Task instructions
Only a number is expected: the count of lines in the listing where "Design" occurs.
- Opening Delimiter -
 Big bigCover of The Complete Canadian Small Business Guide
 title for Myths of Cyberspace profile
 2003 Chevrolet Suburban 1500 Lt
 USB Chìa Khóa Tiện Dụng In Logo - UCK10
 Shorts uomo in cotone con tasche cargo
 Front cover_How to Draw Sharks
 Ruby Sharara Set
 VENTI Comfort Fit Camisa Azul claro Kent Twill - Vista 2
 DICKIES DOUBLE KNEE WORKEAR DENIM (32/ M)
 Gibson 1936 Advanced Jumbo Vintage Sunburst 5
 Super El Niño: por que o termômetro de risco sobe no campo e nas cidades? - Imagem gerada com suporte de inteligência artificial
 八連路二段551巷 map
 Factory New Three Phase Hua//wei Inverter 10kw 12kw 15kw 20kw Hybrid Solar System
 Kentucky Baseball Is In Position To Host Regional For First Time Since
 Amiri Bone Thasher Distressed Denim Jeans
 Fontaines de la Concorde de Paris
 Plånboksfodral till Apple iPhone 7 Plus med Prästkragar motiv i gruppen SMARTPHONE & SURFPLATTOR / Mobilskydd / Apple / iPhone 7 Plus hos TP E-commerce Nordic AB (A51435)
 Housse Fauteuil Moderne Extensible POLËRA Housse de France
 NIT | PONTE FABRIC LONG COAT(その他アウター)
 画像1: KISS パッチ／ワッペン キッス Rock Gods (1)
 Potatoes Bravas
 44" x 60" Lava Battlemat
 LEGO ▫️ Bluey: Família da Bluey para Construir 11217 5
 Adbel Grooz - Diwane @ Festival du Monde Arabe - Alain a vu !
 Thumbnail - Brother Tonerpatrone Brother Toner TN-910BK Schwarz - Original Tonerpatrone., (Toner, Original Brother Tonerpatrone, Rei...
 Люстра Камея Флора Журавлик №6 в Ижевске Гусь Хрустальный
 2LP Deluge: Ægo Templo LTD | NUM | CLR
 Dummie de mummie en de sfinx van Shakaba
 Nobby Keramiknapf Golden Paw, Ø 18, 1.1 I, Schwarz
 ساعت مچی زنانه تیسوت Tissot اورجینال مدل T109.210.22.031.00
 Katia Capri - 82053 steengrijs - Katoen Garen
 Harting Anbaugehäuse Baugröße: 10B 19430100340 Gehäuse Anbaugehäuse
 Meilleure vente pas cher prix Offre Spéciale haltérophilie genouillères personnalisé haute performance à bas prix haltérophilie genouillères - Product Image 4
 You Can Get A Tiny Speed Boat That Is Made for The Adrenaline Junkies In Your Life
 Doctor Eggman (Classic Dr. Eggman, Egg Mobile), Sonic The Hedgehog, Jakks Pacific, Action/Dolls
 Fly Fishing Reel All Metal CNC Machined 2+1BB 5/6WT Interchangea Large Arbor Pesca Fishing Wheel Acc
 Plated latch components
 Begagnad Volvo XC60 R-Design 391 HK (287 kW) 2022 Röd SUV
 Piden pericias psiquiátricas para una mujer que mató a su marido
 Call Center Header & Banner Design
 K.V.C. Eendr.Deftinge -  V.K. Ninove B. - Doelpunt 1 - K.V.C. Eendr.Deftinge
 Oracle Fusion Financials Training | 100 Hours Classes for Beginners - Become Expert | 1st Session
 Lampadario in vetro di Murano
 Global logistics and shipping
- Closing Delimiter -
Response to the task
2